To do:
Exactly and only the lines from the line holding "2. Analysiere das vorliegende Fallbeispi" to the end of the records should be reproduced. Leave pictures out.

Data:
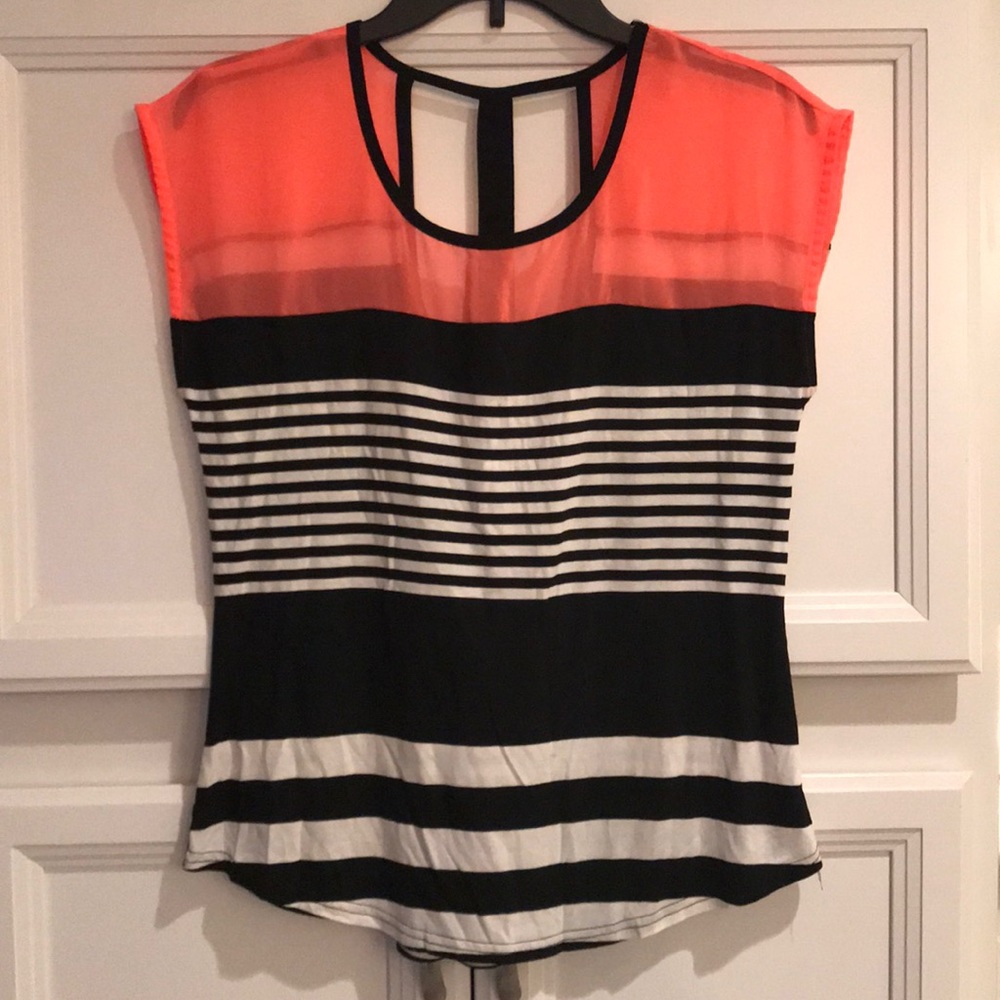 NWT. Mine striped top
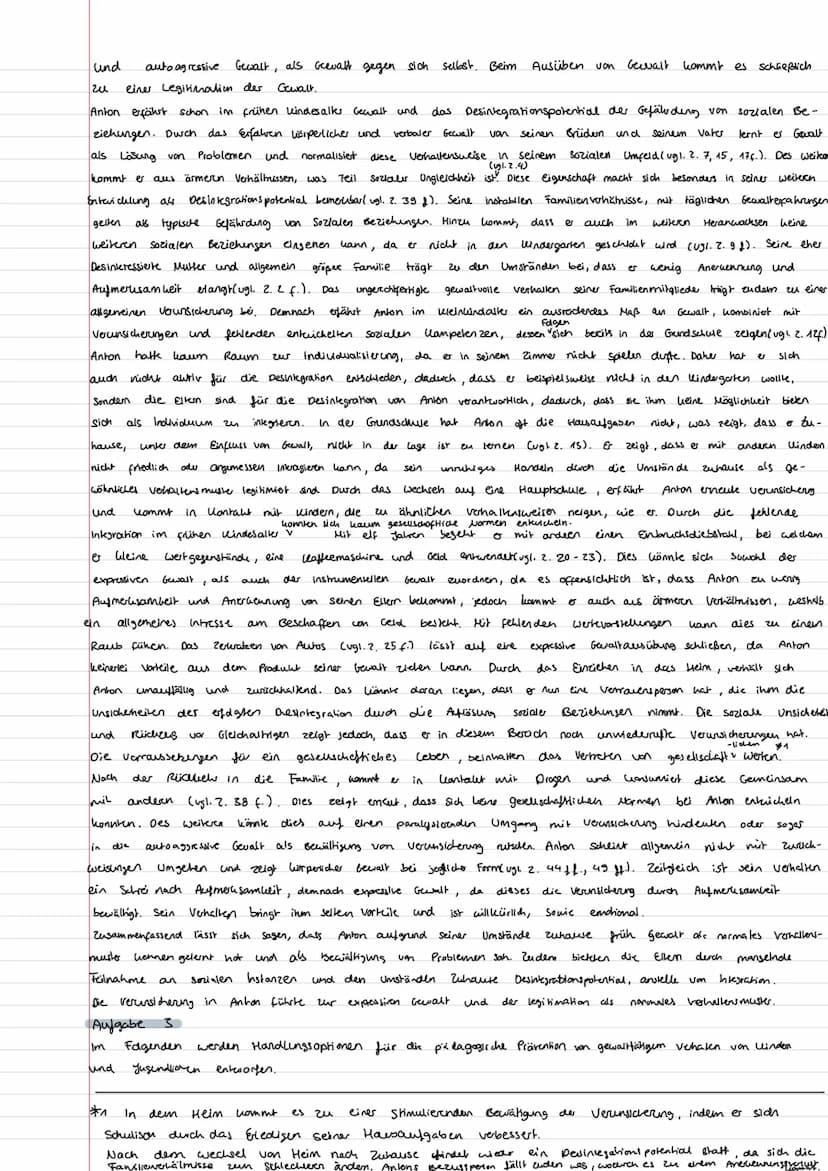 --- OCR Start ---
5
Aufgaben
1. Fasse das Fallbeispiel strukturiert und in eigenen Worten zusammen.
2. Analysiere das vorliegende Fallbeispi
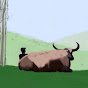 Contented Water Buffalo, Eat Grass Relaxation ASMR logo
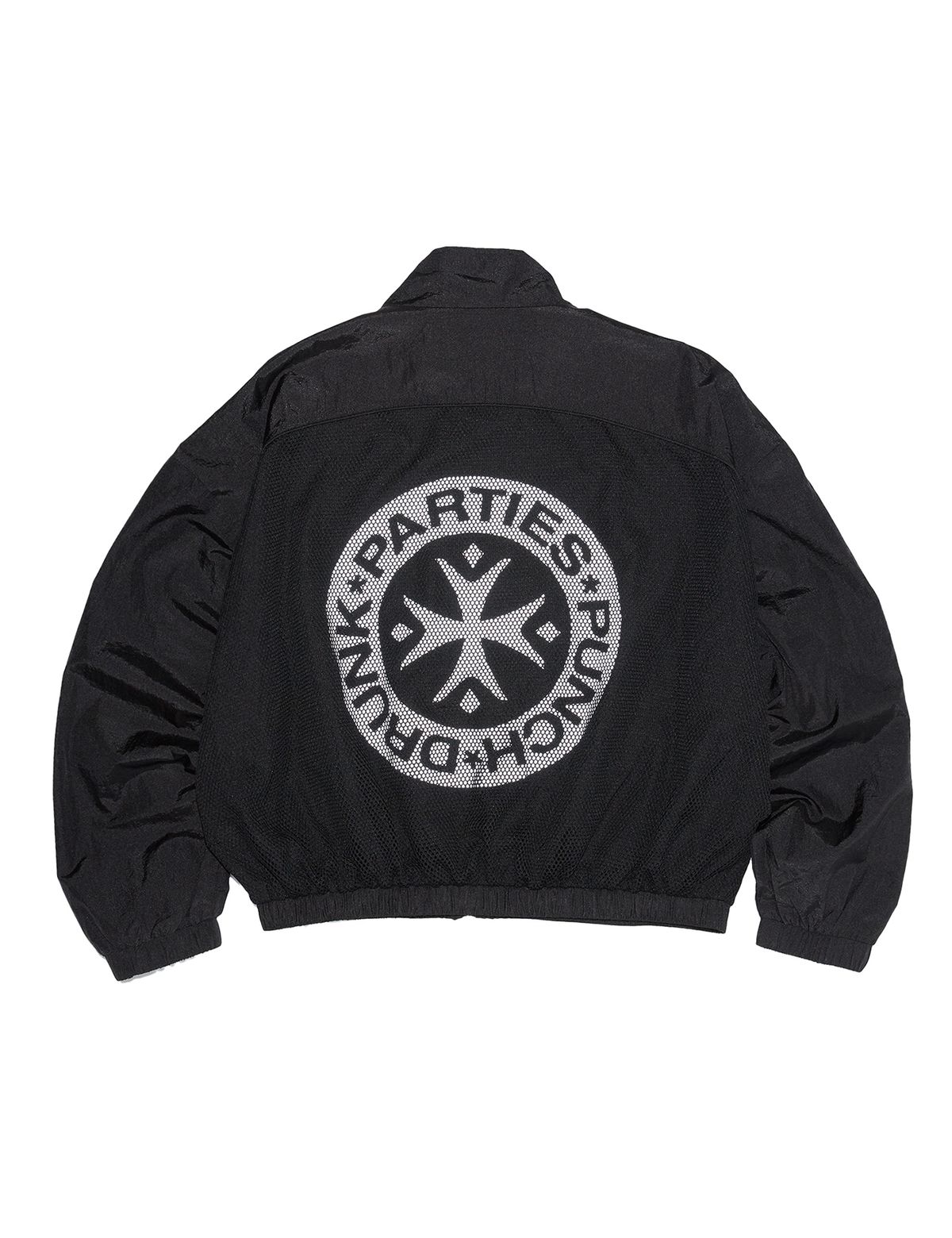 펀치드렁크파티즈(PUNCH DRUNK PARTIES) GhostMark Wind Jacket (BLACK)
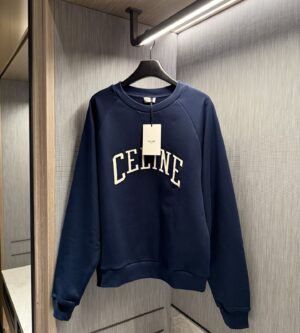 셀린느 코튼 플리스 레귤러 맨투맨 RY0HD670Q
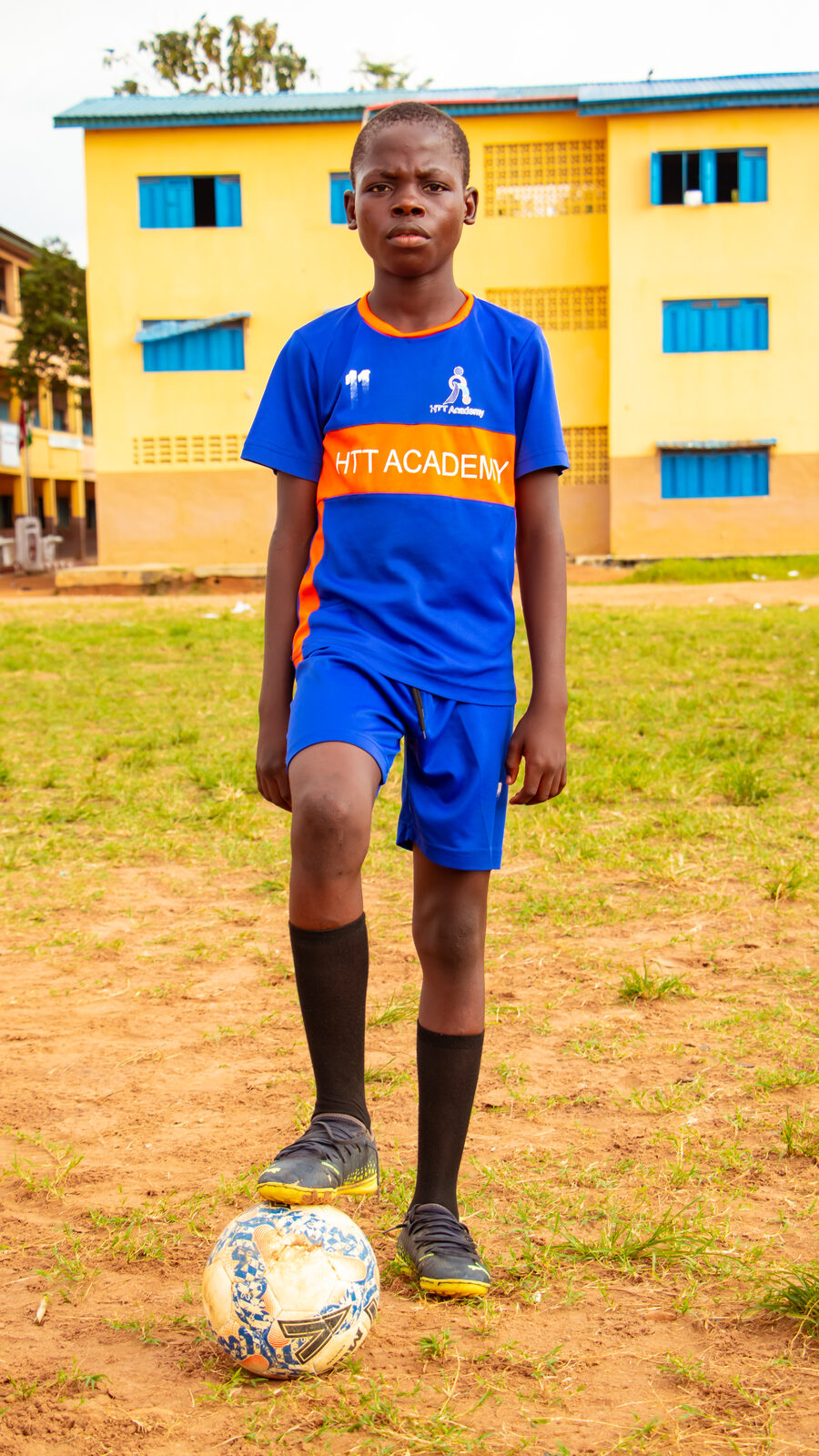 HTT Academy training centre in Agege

Result:
2. Analysiere das vorliegende Fallbeispi
 Contented Water Buffalo, Eat Grass Relaxation ASMR logo
 펀치드렁크파티즈(PUNCH DRUNK PARTIES) GhostMark Wind Jacket (BLACK)
 셀린느 코튼 플리스 레귤러 맨투맨 RY0HD670Q
 HTT Academy training centre in Agege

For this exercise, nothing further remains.